A. If that were true, natural selection would have its toll and we’d be extinct. What is more likely is that many people sit in chairs all day, get no exercise, and thus have weak backs. We did not evolve to sit in chairs all day.
Q. In your lab, you study the phenomenon of barefoot running. How did that become part of your portfolio?
A. About a year after the Nature paper came out, I gave a public lecture where this bearded guy, with only socks and duct tape on his feet, came up to me and said, “I don’t like to wear shoes when I run — how come?” He’d become a barefoot runner because his feet hurt in shoes. The man was “Barefoot Jeffrey,” a Harvard grad who owned a bicycle shop in Jamaica Plain. What a great question!
Obviously, people had run barefoot for millions of years before shoes, socks, Nikes. I’d sometimes wondered if some of the sports injuries that runners get are related to an issue connected to how people run in shoes — the heel strike, it’s called. When most of us run, we land hard on our heels, and that causes a shockwave and it travels up your leg and eventually hits your head, which jiggles really fast. Those of us who wear shoes think that’s normal, to land with a big jolt.
So I asked Barefoot Jeffrey to come to the lab and show me how he ran. He ran in this beautiful way that was completely collision-free. Light as a feather. When he hit the ground, he didn’t land on his heel. Instead, he landed on the ball of his foot, and there was no shock wave that hit his head. That led us to producing another paper in Nature where we actually studied barefoot runners like Jeffrey.
We also went to Africa and went to people who’d never worn shoes. What we discovered was that people who run barefoot tend to run differently than people who wear modern shoes; they run in a much lighter and gentler way because it would hurt to run the way people do in shoes.

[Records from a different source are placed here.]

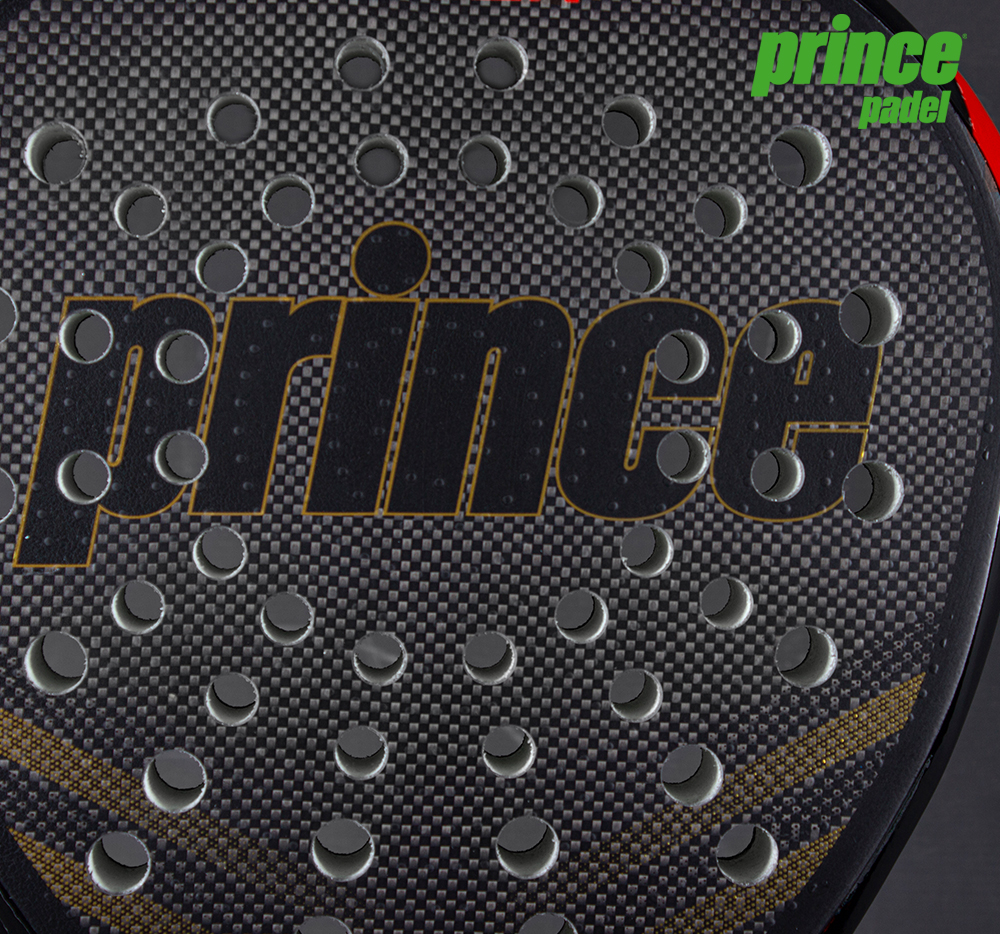 Prince Padel Falcon | Padel Racket - 3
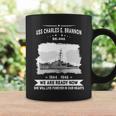 Uss Charles E Brannon De Coffee Mug Gifts ideas
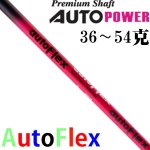 AutoFlex ޹ ״ ۺ͸߶ľ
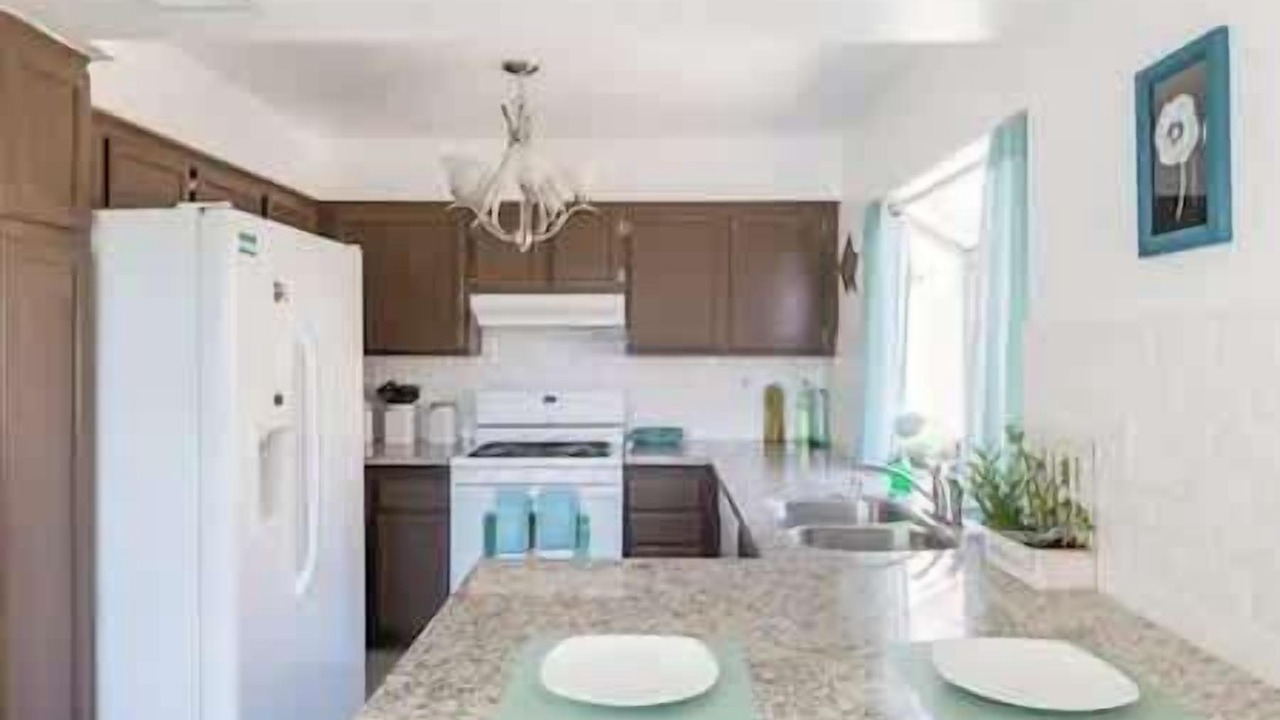 Photo of Kitchen in San Jacinto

Q. And what’s the value to knowing this?
A. To prevent sports injuries. We think that one reason runners crash into the ground is because the shoe makes it possible to hit the ground hard. My lab is currently studying the Harvard track team to measure if runners who use a barefoot style are injured less than runners who land on their heels.
Q. Do you run barefoot?
A. Only in the summer. Obviously, you cannot run barefoot in a New England winter! Then, I use a shoe that brings me more toward the barefoot style. It’s called a “minimal shoe,” and it’s more like a glove for the foot. Some people tell me it looks silly. But I like the way it feels. And I love running barefoot when I can. You get all this wonderful sensory pleasure from your feet. You feel the grass and the sensation of the earth. You get bathed by sensation. There are a lot of sensory nerves in the feet.
Right now, every sports gear company is now developing a line of these minimal shoes. One company, I should inform you, has helped fund some of my laboratory research, though I’ve not had anything to do with their product.
Q. Is your research part of a trend?
A. It’s part of this movement to try to listen to evolution in our bodies. We evolved to eat different diets, to run differently and live differently from the ways we do today. People are looking to evolution to find out how our bodies adapted and what might be healthier for us. That’s good.